Secrecy was a trait pushed by the company’s late co-founder, Steve Jobs, who was obsessed with preventing leaks about Apple’s new products to maximize the public’s surprise when he unveiled them onstage. The employees who spoke to the Times said that, over time, that culture had extended to the broader workplace.
“Never have I met people more terrified to speak out against their employer,” said Scarlett, who joined Apple as a software engineer in April and has worked at eight other companies.
An Apple spokesperson pointed to a company policy that said employees could “speak freely about your wages, hours or working conditions.”
Slack has been a key organizing tool for workers, several current and former employees told the Times. Apple’s siloed culture kept different teams of employees separate from one another, another result of efforts to prevent leaks. There was no wide-scale, popular internal message board for employees to communicate with one another, until Apple began using Slack in 2019.
When employees were told to work from home at the beginning of the pandemic, Slack became particularly popular. “For a lot of us, this was the first chance to interact with people outside our own silo,” Parrish said. Previously, “none of us were aware that anybody else was going through this.”
The complaints seem to be making an impact.
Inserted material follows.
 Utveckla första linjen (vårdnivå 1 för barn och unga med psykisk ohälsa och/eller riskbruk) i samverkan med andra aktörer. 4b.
When Apple this year hired Antonio García Martínez, a former Facebook manager, more than 2,000 employees signed a protest letter to management because of what they called “overtly racist and sexist remarks” in a book he had written, based in part on his time at Facebook. Within days, Apple fired him. García Martínez declined to comment on the specifics of his case.
In May, hundreds of employees signed a letter urging Apple to publicly support Palestinians during a recent conflict with Israel. And a corporate Slack channel that was set up to organize efforts to push Apple to be more flexible about remote-work arrangements once the pandemic ended now has about 7,500 employees on it.
Beyond the group activism, Apple is dealing with individual fights that are slipping into public view.
Ashley Gjovik, a former engineering program manager at Apple for six years, said she had complained to Apple for months about what she believed was inadequate testing for toxic chemicals at her office, as well as sexist comments from a manager.
After taking her complaints public this year, Gjovik was placed on leave and later fired. She said Apple had told her that she was fired for leaking product information and not cooperating with its investigation. She has filed complaints with the National Labor Relations Board, the Occupational Safety and Health Administration, the Equal Employment Opportunity Commission and the Justice Department, she said.
Apple declined to comment on specific employees’ cases.
Dehus, who worked at Apple to mitigate the impact of mining valuable minerals in conflict zones, said she had left Apple after spending several years fighting a decision to reassign her to a role that she said had involved more work for less pay. She said Apple had begun trying to reassign her after she complained that the company’s work on the minerals was not, in some cases, leading to meaningful change in some war-torn countries.
Richard Dahan, who is deaf, said he had struggled at his former job at an Apple Store in Maryland for six years because his manager refused to provide a sign-language interpreter for him to communicate with customers, which federal law requires under some circumstances. He said that he had communicated with customers by typing on an iPad, and that some customers had refused to work with him as a result. When he told his manager, the manager said it was the customers’ right, he said.
“Would it be OK if they said they didn’t want to work with a person of color?” Dahan asked in an interview via a sign-language interpreter.
He was eventually assigned an interpreter. But by that time, he said, upper management viewed him as a complainer and refused to promote him.
“Their culture is: Drink our Kool-Aid, buy into what we’re telling you, and we’ll promote you,” he said. “But if you’re asking for anything or making noise, then they won’t.”